Save everything in a filterable way

These details have not been verified by PyPI

Project links

Homepage

GitHub Statistics

View statistics for this project via Libraries.io, or by using our public dataset on Google BigQuery

Project description

What is this?

I needed an efficient data logger for my machine learning experiments. Specifically one that

could log in a hierarchical way (not one big global logging variable)
while still having a flat table-like structure for performing queries/summaries
without having tons of duplicated data

This library would work well with PySpark

What is a Use-case Example?

Lets say you're going to perform

3 experiments
each experiment has 10 episodes
each episode has 100,000 timesteps
there is an an x and y value at each timestep

Example goal:

We want to get the average x value across all timesteps in episode 2 (I don't care what experiment they're from)

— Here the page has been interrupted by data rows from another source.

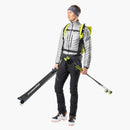 SPEED DYNASTRETCH PANTS Herren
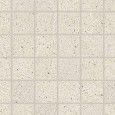 EARTHTECH/ PUMICE COMFORT  GROUND  6MM MOSAIK 7,5X7,5 - Floor Gres 772405 FLORIM ARCHITECTURAL DESIGN - 1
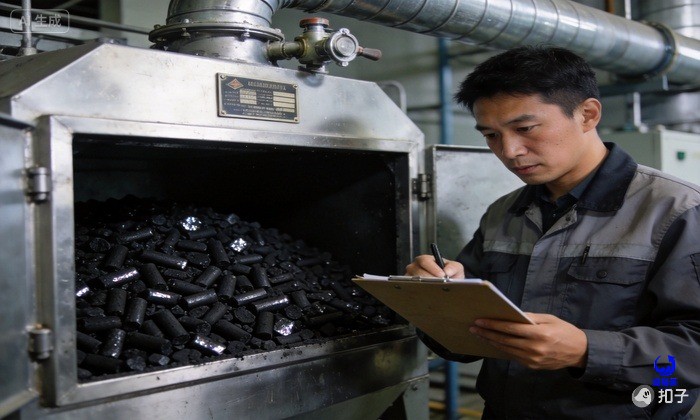 活性炭填充量计算.jpg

Our timestamp data could look like:

record1 = { "x":1, "y":1 } # first timestep
record2 = { "x":2, "y":2 } # second timestep
record3 = { "x":3, "y":3 } # third timestep

Problem

Those records don't contain the experiment number or the episode number (which we need for our goal)

Bad Solution

Duplicating the data would provide a flat structure, but (for 100,000 timesteps) thats a huge memory cost

record1 = { "x":1, "y":1, "episode":1, "experiment": 1, } # first timestep
record2 = { "x":2, "y":2, "episode":1, "experiment": 1, } # second timestep
record3 = { "x":3, "y":3, "episode":1, "experiment": 1, } # third timestep

Good-ish Solution

We can use references to both be more efficient, and allow editing data after the fact

# parent data
experiment_data = { "experiment": 1 }
episode_data    = { "episode":1, }

record1 = { "x":1, "y":1, "parents": [experiment_data, episode_data] } # first timestep
record2 = { "x":2, "y":2, "parents": [experiment_data, episode_data] } # second timestep
record3 = { "x":3, "y":3, "parents": [experiment_data, episode_data] } # third timestep

How does Rigorous Recorder help?

The "Good-ish Solution" above is still very crude

The RecordKeeper class in this library provides a much cleaner implmentation.
The ExperimentCollection class helps a lot saving, handling errors, managing experiments etc

from rigorous_recorder import RecordKeeper
keeper = RecordKeeper()

# parent data
experiment_keeper = keeper.sub_record_keeper(experiment=1)
episode_keeper    = experiment_keeper.sub_record_keeper(episode=1)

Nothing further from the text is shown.